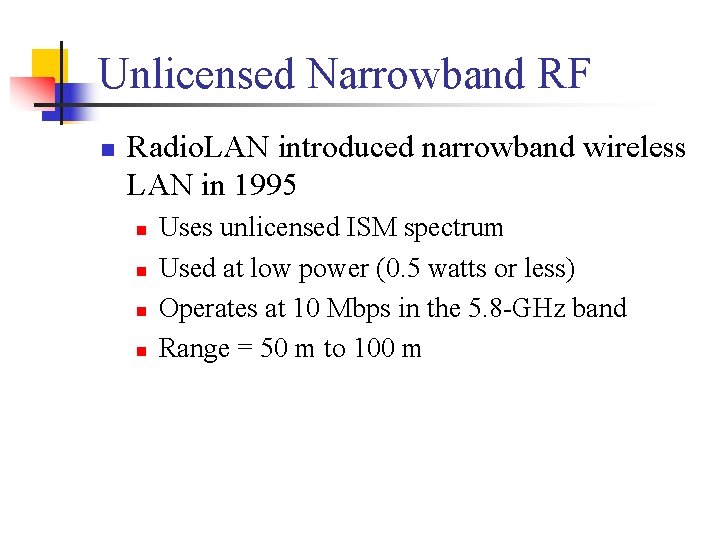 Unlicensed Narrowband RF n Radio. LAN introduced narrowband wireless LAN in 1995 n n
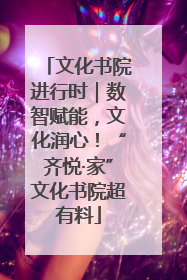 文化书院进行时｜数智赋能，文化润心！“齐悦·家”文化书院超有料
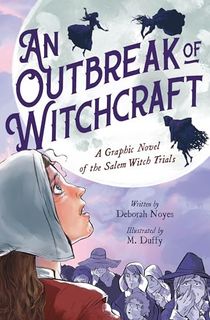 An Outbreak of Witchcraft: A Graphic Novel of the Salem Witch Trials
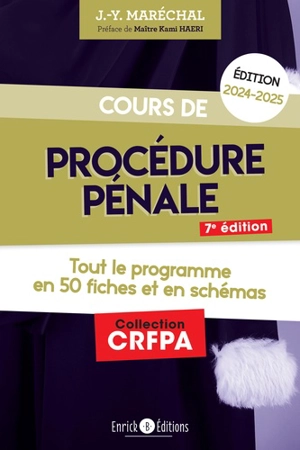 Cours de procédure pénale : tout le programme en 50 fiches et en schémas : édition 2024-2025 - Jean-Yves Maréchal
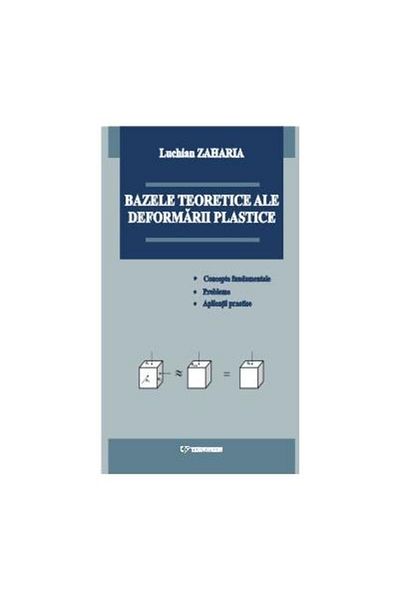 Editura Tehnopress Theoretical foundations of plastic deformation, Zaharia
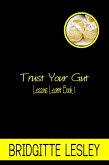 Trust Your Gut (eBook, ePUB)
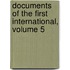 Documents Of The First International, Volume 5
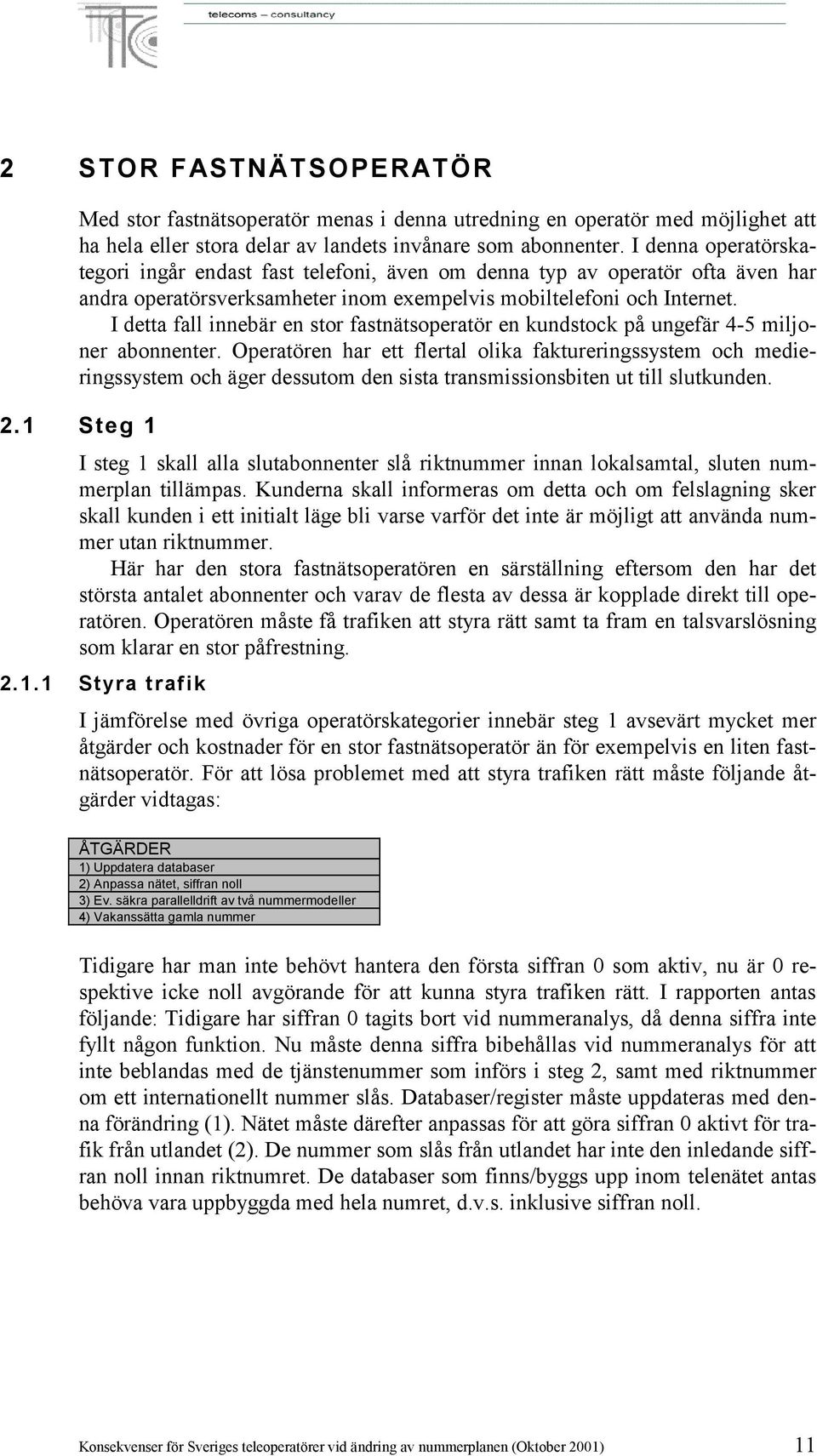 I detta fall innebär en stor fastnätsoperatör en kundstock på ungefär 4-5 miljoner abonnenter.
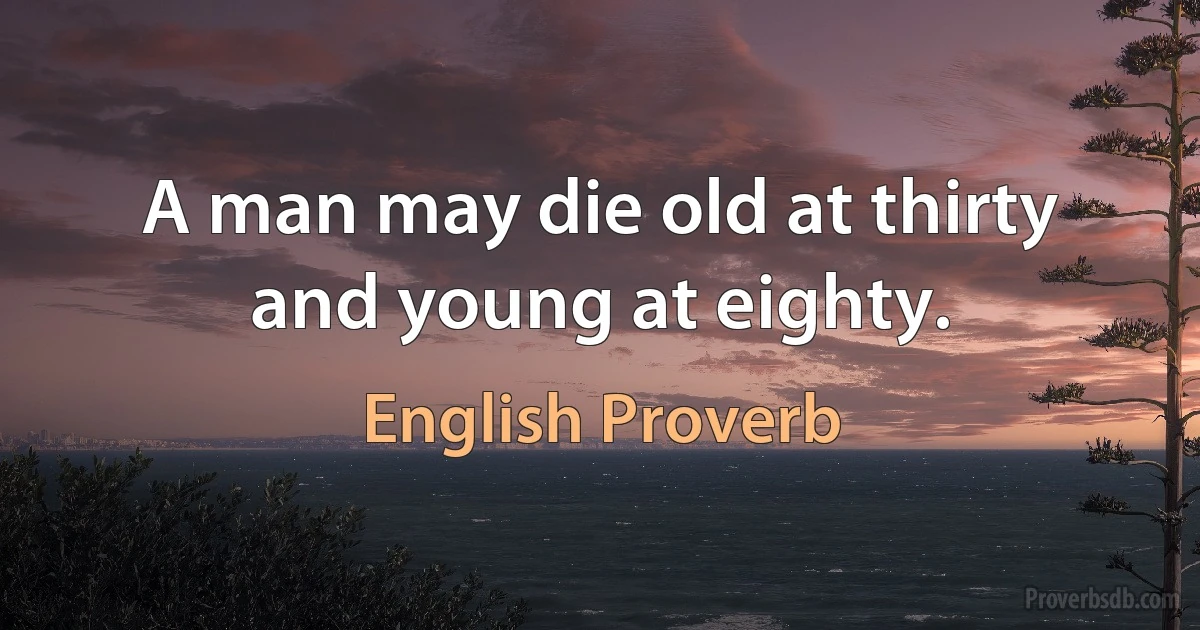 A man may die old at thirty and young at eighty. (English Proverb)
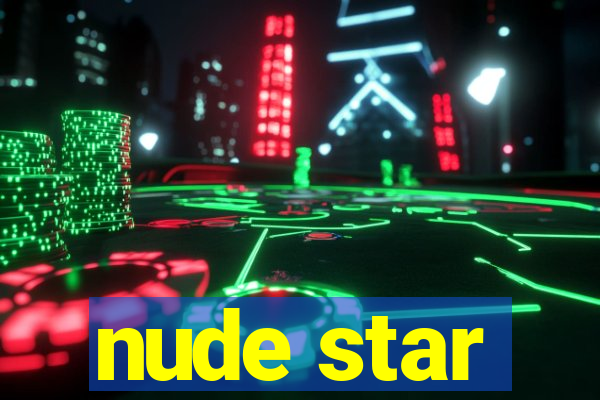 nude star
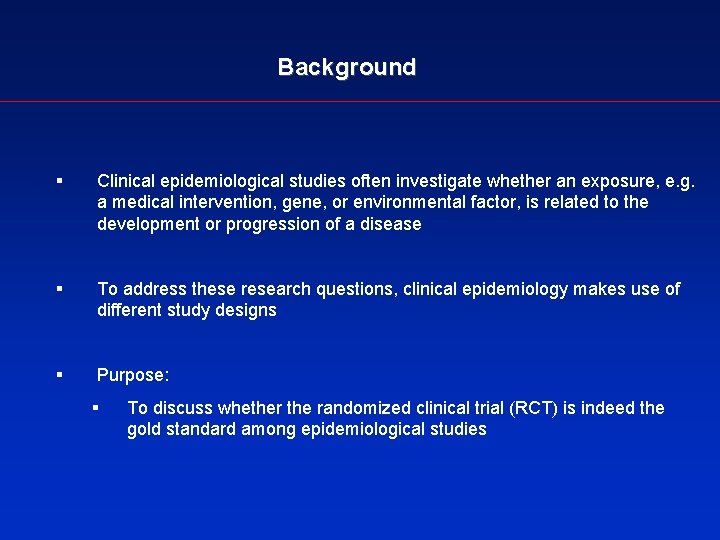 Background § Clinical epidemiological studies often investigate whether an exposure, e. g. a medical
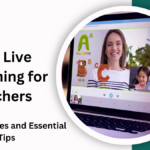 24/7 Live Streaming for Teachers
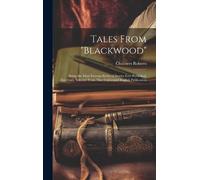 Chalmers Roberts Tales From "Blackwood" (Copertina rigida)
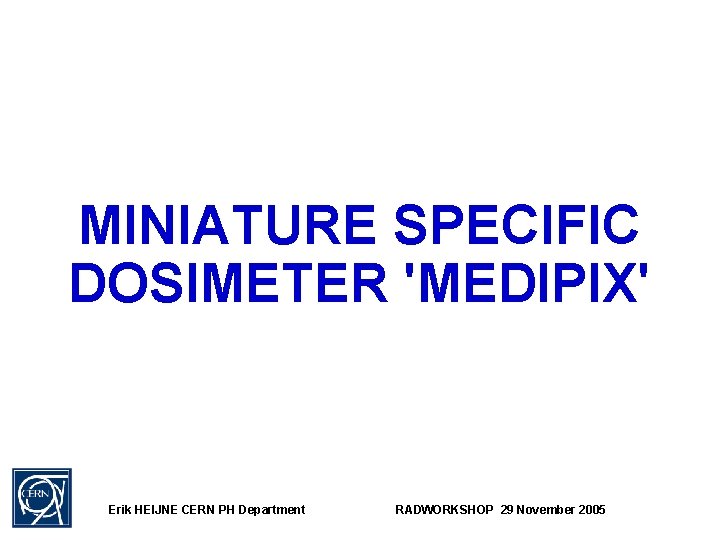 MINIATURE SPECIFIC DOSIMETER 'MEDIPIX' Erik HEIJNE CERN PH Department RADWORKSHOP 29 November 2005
▬▬▬▬▬▬▬▬▬▬
In the data above, the line containing "24/7 Live Streaming for Teachers" and all lines after it are to be reproduced exactly, leaving out the pictures.

RESULT:
 24/7 Live Streaming for Teachers
 Chalmers Roberts Tales From "Blackwood" (Copertina rigida)
 MINIATURE SPECIFIC DOSIMETER 'MEDIPIX' Erik HEIJNE CERN PH Department RADWORKSHOP 29 November 2005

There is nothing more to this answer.